I know that history gets more detailed as you get towards the modern day and that you shouldn't just sweep the nazi's under the carpet of history but if there was one era that people will already know about its that. And given that Dixon-Graham only had 3 hours to cover 600 years of art history why spend so long on well trod paths?
Three hour long episodes really aren't enough are they? Why not have shorter programs focussing on one or two artists each time? And a much longer series? More a series of monographs? Or is that far too much like tv past to happen now?
I'll tell you what though, I want to go to lots of galleries in Germany now. I also really want to see that Klein mural. It looked stunning.
Enjoyed the repeat of the Krautrock docu, particularly as I missed it the first time round, and last night’s “Art of Germany” had some good stuff on George Grosz and also the Entarte Kunst exhibition, making the point that one of the main themes of early Nazism was that it was a reaction to modern art.
The last of the Art of Germany was on last night and it was again very good. I'd have liked more on the post war stuff though, did we really need to spend 1/6th of the series on Nazi Germany?
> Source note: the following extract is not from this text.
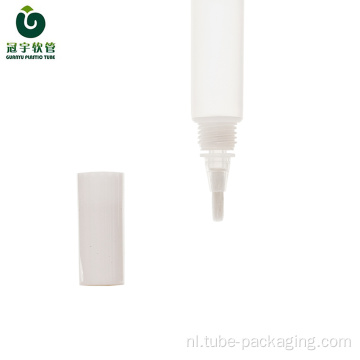 10 ml cosmetische plastic tube voor verpakking van oogcrème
Yeah, I think you have to, really, and 1/6th of a series is about right. After all, art was so central to the whole Nazi cultural project. You can't talk about German modernism without talking about "entartete Kunst", and you can't talk about contemporary German art without talking about what it's had to deal with.
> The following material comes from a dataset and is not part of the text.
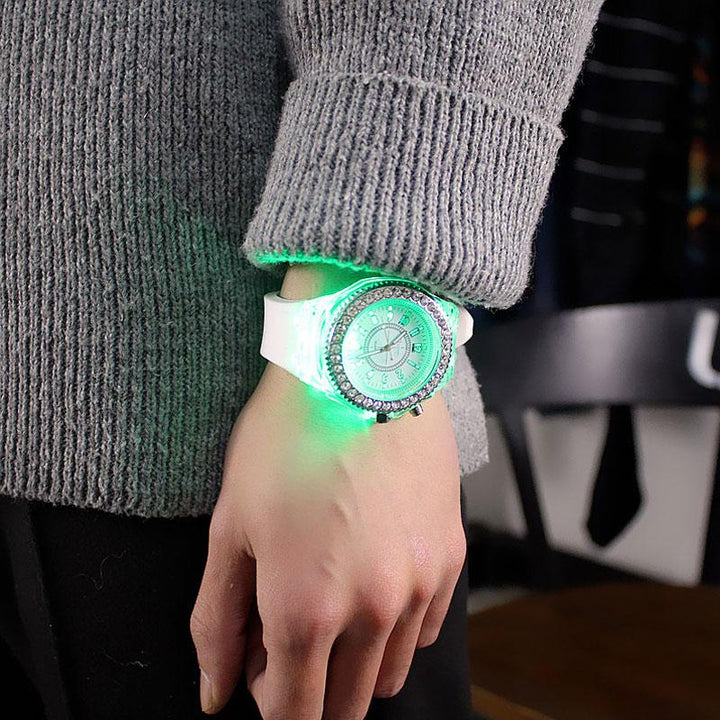BowLift | Luminous Watch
I've felt more progress, and more rapid progress, towards people in Britain thinking of Germany in broader terms than "Nazi bastards", in the last half a decade than ever before. But that can't involve our tactfully pretending the whole nasty business has been blown out of all proportion, or something. It remains a huge, huge deal. I don't reckon contemporary German culture can be understood except against the backdrop of the Third Reich, the catastrophic defeat, the shock of collective realisation of the enormity of the crime, and the division of the country for four and a half decades.
I agree that the contemporary segment was a bit squeezed, but I can see why the felt they had to do that. Otherwise, you'd either have had to squeeze the middle, Hitlery bit (and as I say, I don't think in conscience that was doable) or shifted more of the Weimar stuff to last week, which would have had the disadvantage of not being able to put the Third Reich in its cultural context.
Was there anything on German film, particularly German Expressionism?
No, which I think is fine, to be honest. That's a fascinating story, but because film is a dramatic and narrative medium as well as a visual one, it might have muddied the waters a bit.
(Speaking of which, though: anyone who hasn't seen the restored full-length Metropolis, and who even remotely likes that sort of thing: please, please, please find a way to see it.)